*YOUR ASSIGNMENT*. Count every line in the following listing that contains "Travel", then report that count with nothing added.

*TASK MATERIAL*.
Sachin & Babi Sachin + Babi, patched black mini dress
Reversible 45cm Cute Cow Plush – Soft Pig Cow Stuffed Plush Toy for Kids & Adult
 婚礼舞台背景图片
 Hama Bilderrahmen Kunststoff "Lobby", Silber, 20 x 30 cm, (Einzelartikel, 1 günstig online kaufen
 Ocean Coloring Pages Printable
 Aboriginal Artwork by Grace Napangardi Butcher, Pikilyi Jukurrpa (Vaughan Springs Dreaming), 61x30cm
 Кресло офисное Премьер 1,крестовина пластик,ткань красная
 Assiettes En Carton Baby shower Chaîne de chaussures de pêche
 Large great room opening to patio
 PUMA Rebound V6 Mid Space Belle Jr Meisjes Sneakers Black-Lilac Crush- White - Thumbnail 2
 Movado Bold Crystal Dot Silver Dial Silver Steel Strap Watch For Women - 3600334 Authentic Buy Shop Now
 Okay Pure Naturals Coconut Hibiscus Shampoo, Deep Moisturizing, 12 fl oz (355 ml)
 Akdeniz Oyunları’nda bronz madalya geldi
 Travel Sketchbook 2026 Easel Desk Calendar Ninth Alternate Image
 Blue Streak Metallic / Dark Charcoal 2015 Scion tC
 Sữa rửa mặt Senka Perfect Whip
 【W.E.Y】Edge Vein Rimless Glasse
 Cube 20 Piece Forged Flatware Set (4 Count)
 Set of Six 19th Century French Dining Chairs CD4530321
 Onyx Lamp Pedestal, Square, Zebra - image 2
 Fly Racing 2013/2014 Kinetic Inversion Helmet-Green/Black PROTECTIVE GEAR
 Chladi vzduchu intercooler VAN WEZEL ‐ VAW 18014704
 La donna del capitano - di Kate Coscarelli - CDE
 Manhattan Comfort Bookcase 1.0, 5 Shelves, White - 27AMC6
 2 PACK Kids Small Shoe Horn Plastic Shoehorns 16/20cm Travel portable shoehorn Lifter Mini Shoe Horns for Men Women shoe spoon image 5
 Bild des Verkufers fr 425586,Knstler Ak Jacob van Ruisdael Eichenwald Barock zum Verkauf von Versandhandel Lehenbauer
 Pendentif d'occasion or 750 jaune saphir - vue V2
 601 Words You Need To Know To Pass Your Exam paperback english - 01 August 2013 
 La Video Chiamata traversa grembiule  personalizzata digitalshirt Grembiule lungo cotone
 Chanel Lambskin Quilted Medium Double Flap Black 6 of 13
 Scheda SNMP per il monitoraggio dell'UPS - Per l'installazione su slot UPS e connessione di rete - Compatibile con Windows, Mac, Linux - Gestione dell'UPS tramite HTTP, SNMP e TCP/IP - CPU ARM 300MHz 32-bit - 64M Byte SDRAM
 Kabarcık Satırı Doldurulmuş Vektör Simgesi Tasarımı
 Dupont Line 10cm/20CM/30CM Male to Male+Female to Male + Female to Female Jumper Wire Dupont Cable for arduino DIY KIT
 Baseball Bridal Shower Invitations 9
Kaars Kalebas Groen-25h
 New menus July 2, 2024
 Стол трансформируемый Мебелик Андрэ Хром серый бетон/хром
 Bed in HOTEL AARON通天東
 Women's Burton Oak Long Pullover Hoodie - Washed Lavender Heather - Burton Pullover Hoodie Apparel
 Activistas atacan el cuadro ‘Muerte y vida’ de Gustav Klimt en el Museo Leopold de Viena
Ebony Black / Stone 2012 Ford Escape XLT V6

*WRITTEN RESPONSE*. 2